The Battalion was relieved from 10am by 13th
Royal Scots and began a move which, over the next ten days, would take them to
a brief period of rest. The Battalion
first marched eleven miles via Becourt, Albert, Millencourt and Lavieville to
Bresle, arriving there at 3.30 pm. Billeting parties had departed earlier and on
the instructions of the Town Major they had arranged accommodation in a
combination of billets in town and in bivouacs in the surrounding area.
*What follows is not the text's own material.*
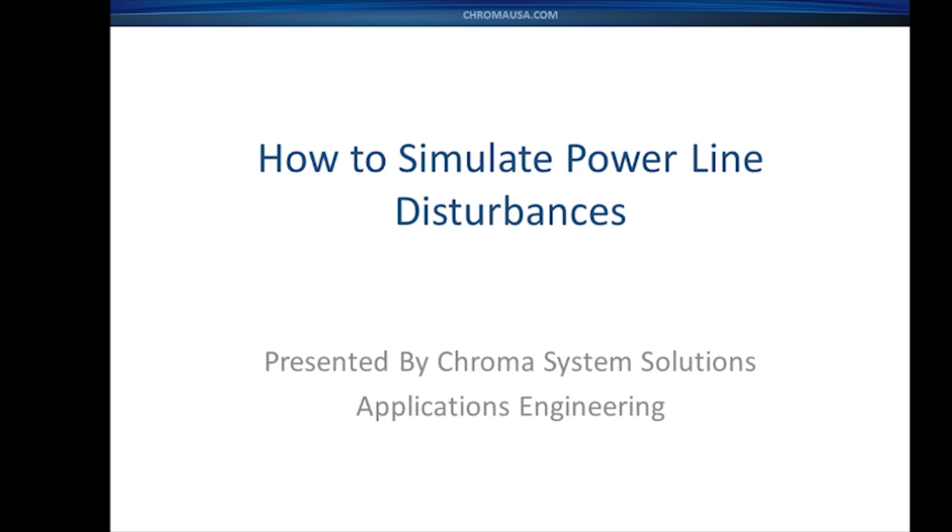Hello, I'm Larry Sharp, and I'm one of the application engineers at Chroma System Solutions. Today we're going to be talking about how to simulate power line disturbances.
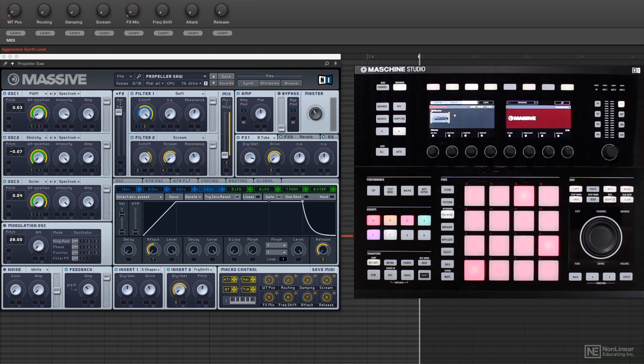So there you go. That gives you an idea quickly of what Massive can do. As you see, it can be a very gnarly, aggressive kind of synth, truly befitting the name Massive.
A Medical Board convened at 1st Southern General
Hospital, Edgbaston, Birmingham declared that 2Lt. Cecil Charles Hart (see 2nd
August) who had been wounded in the fighting around Munster Alley, would be
unfit for duty for at least a month.
Lt. Thomas Beattie,
(see 5th August) who had
been wounded in the left shoulder by shrapnel a few days earlier while serving
with 9DWR was transferred from no.2 Red Cross Hospital, Rouen to no.2 Western
General Hospital in Manchester; the operation carried out three days earlier
having proved unsuccessful, he would require further specialist treatment.
Proceedings began in settling the affairs of Lt. Frederick Hird (see 29th July) who had been killed at Munster Alley. It
was reported that he was not known to have left a will and that his next of kin
was Mrs. F.Hird (wife), Escombe, Hadlow Down, Buxted, East Sussex. This was
actually the home address of his brother Frank Hird.